At Least 60 Feared Dead in Tonga Ferry Sinking

The number of people missing and feared dead after a ferry sank in Tonga rose Friday to more than 60 and could jump further, police said, as the prime minister called tragedy a "major disaster" for his tiny country.

Police Commander Chris Kelly said the latest information was that the Princess Ashika was carrying 117 passengers and crew when it went down around midnight Wednesday, again hiking a figure that has steadily risen as authorities investigate.

Fifty-three survivors and two bodies were plucked from the Pacific, leaving 62 people unaccounted for, according to the latest count.

But the number of missing could still rise because authorities have not been able to reconcile the list of passengers and crew with the accounts of survivors.

"I'm not sure that that figure will stop" at 117, Kelly told reporters Friday. "There were clearly people on board who were not listed on the manifest that we have access to."

The cause of the disaster was not known. Survivors described the ferry rocking violently from side to side and waves breaking the lower deck before it went under, though officials said weather conditions were mild.

Many of those missing were women and children who were in cabins below decks and may have been trapped inside when the ferry flipped over and sank about 55 miles (85 kilometers) northeast of the capital, Nuku'alofa, officials say.

All the survivors are men.
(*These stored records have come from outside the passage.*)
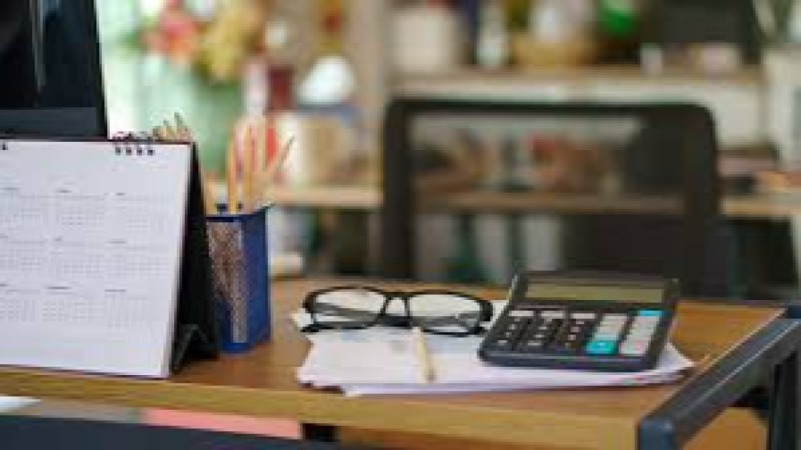 Microfinance Financial Reporting & IFRS for Microfinance Training Course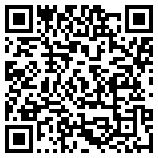QR Code for Cromartie Studios in Nantucket, MA 02554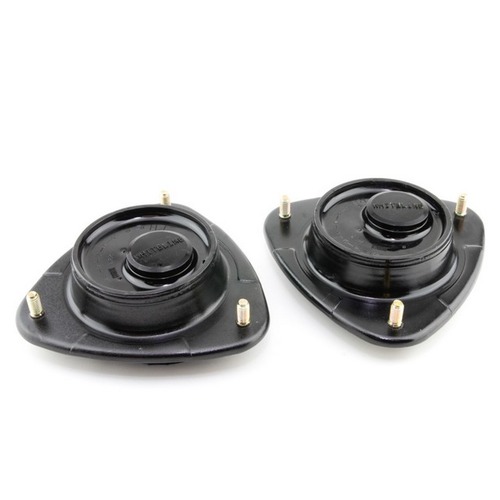 WHITELINE - KCA409 - Strut mount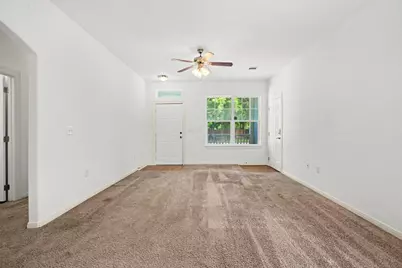 8506 Shiloh Street, Texas City, TX 77591 - Photo 5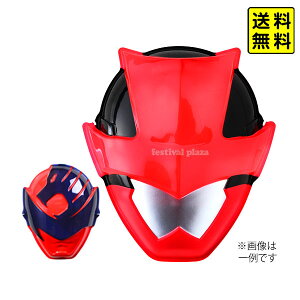  X[p[ bh 6 { q Ղ   ct čՂ ii }{ ߂  q[[ l j̎q }[23G10] (Es) {z敪D}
The body of a British man and a Polynesian woman were also recovered on Thursday.

A huge search resumed Friday, but there has been no sign of survivors since a few hours after the ferry capsized.

Tongan Prime Minister Feleti Sevele said the tragedy was "big for a small place."

"This is a huge disaster, a huge loss, we'll try and cope with it as best we can," he told reporters in Cairns, Australia, where he was attending a South Pacific leaders' summit.

Dozens of relatives and their supporters gathered on Friday outside the office of ferry company, the Shipping Corp. of Polynesia, hoping for good news, many of them weeping and hugging of each other for support.